▸ **EXERCISE**
Lines from the one containing "BioTechUSA Iso Whey" through the last line of the records below need to be repeated exactly; nothing else, and no pictures.

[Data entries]
'''

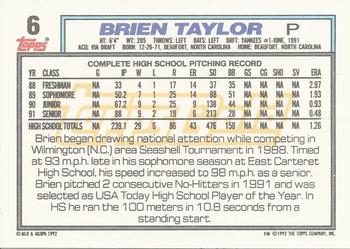 1992 Topps - Gold Winners #6 Brien Taylor Back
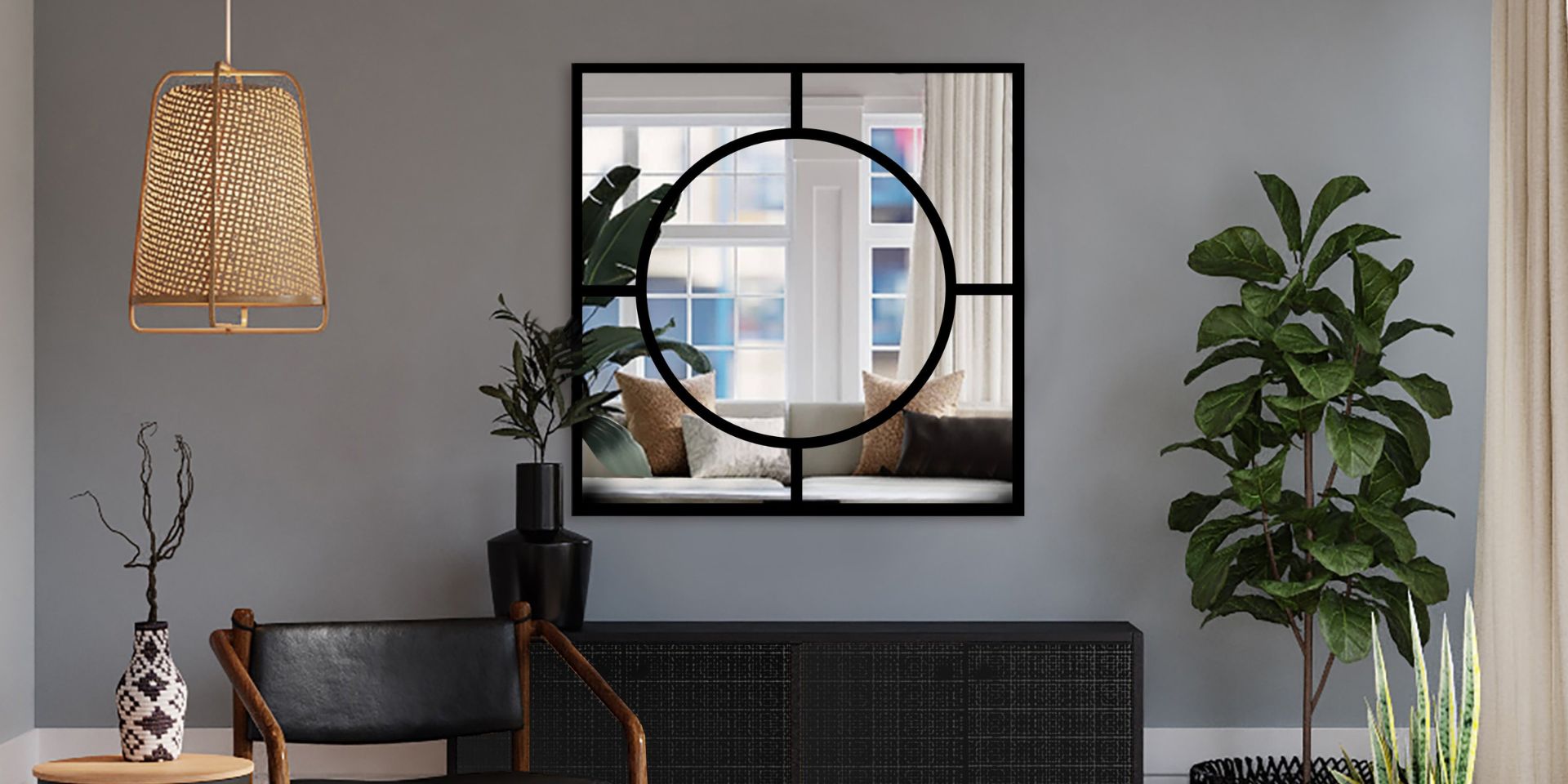 Un miroir industriel et loft  élégant et impressionnant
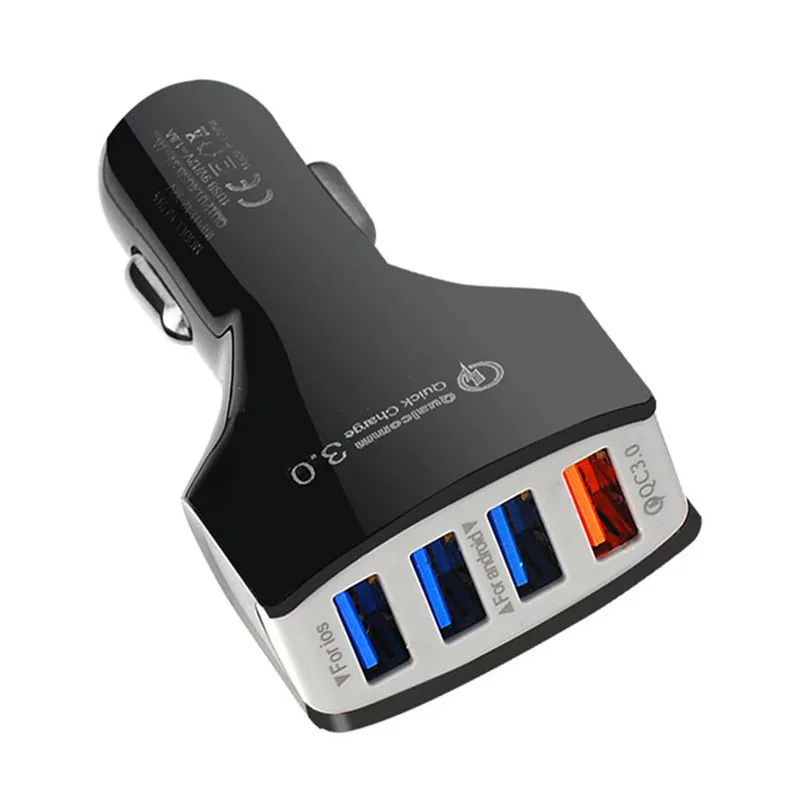 

Quick Charge 3.0 4 USB Car Charger Adapter QC3.0 Fast Charging 4 Ports Car Mobile Phone Charger for iPhone Samsung A40 Xiaomi 9T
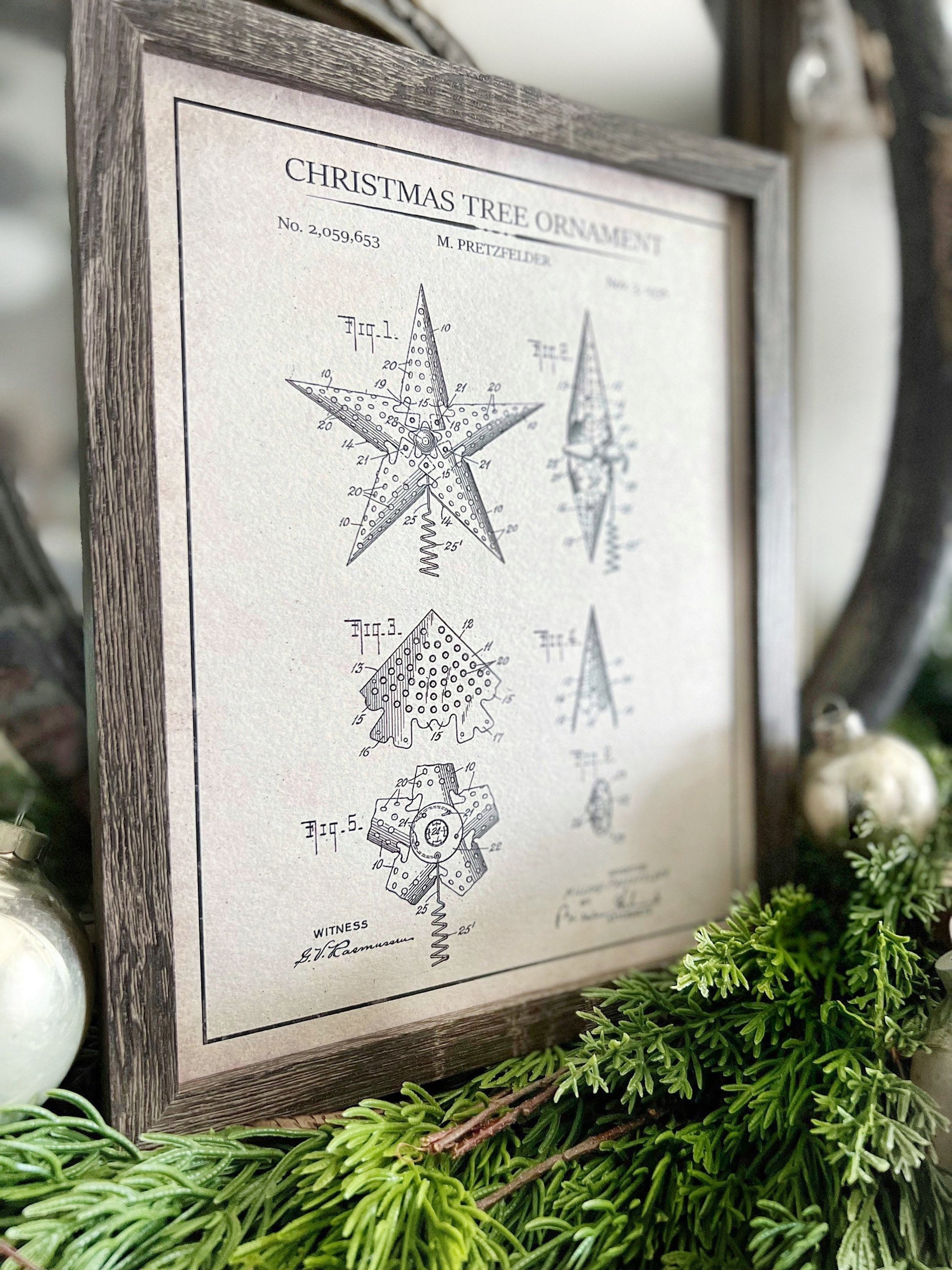 Christmas Patent TREE ORNAMENTS Wood Sign FRAMED Vintage Christmas Farmhouse Wall Art Print Primitive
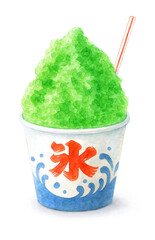かき氷 イラスト 水彩 メロン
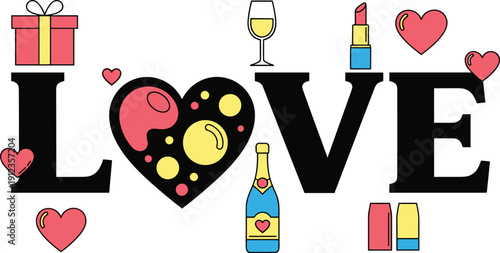 Celebrating love with gift, champagne, and cosmetics in a festive illustration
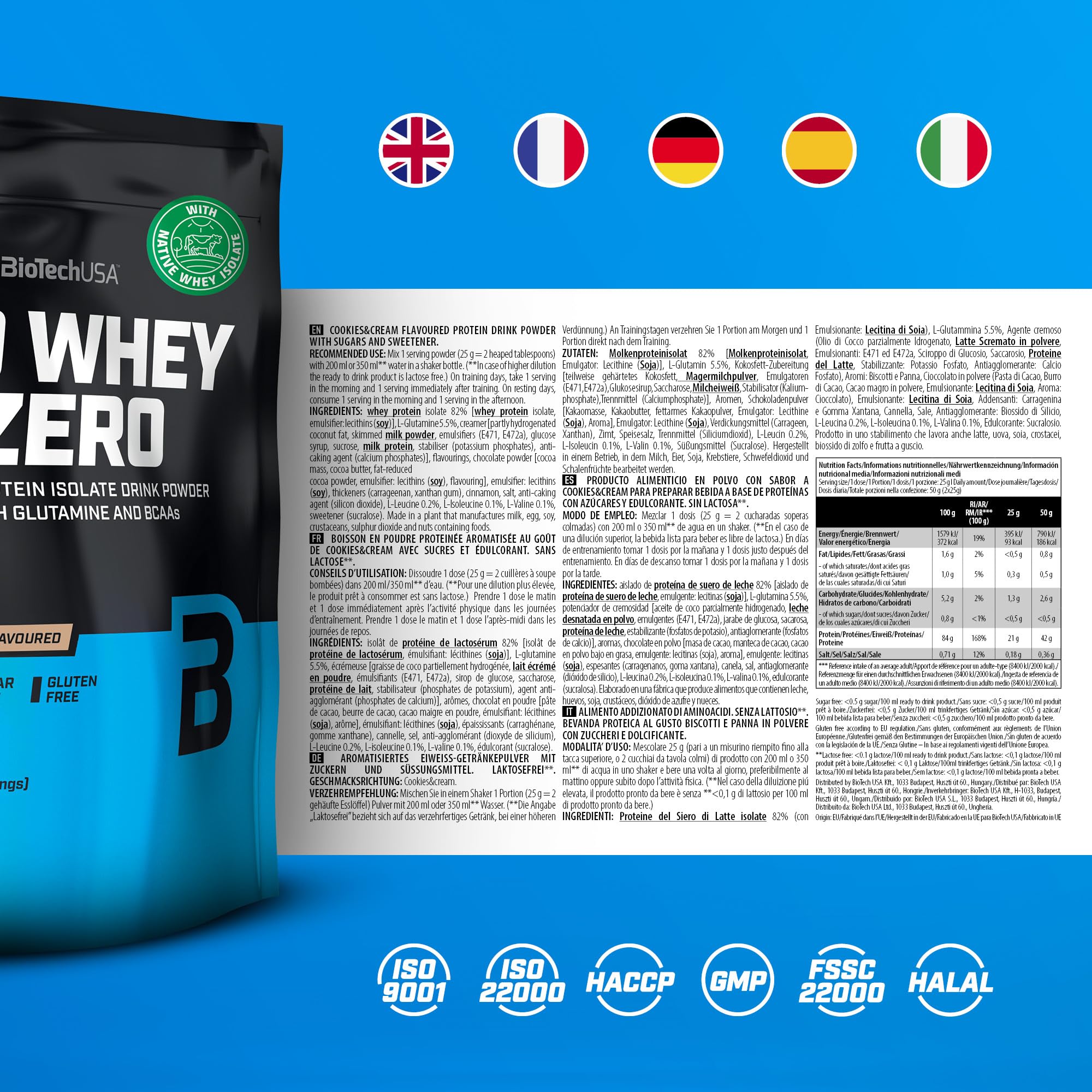 BioTechUSA Iso Whey Zero Cookies & Cream shake glass close-up.
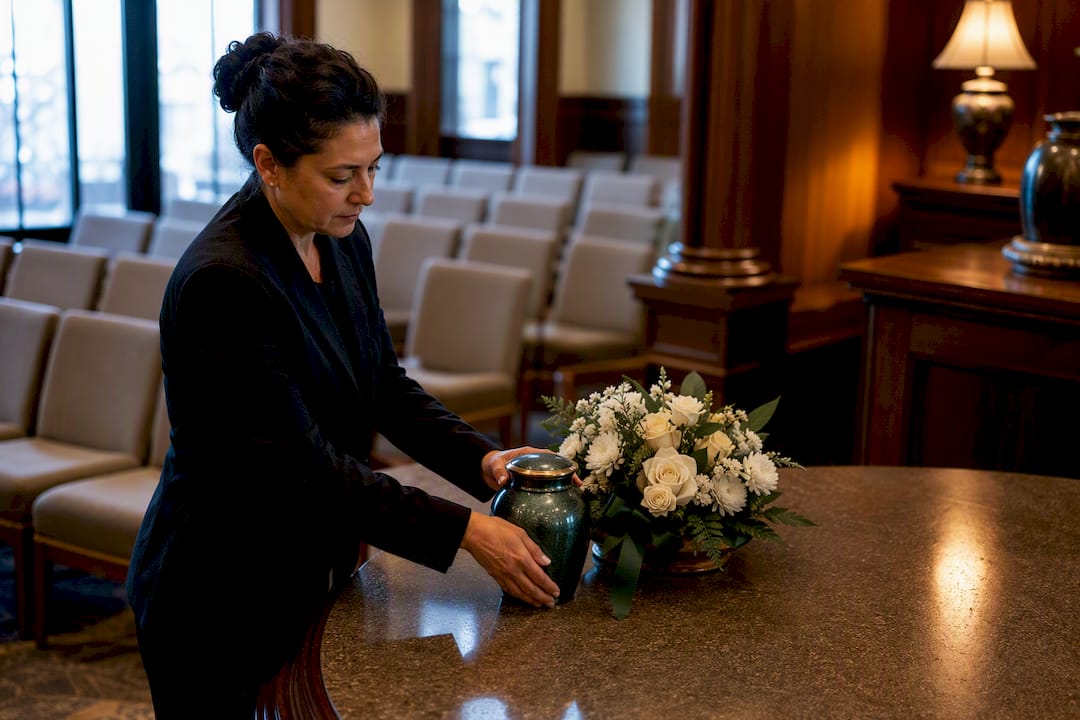 Funeral home memorial table with urn
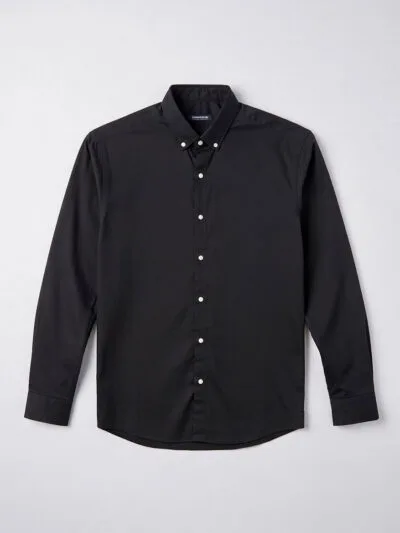 Black long-sleeve dress shirt with white buttons on a light gray background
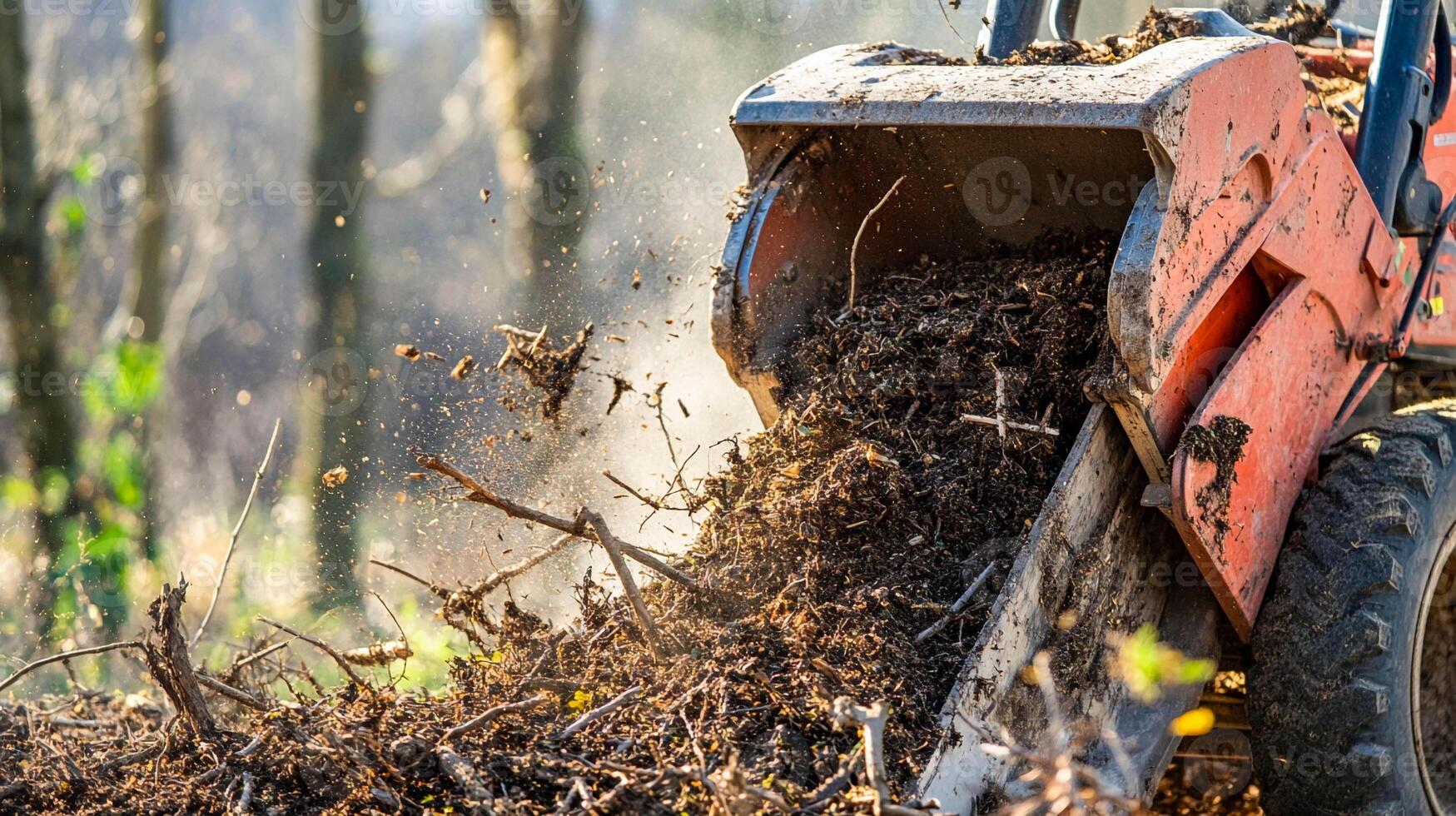 Chipper shredding branches in a dense forest during a sunny afternoon photo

'''

▸ **RESPONSE FOR THIS EXERCISE**
 BioTechUSA Iso Whey Zero Cookies & Cream shake glass close-up.
 Funeral home memorial table with urn
 Black long-sleeve dress shirt with white buttons on a light gray background
 Chipper shredding branches in a dense forest during a sunny afternoon photo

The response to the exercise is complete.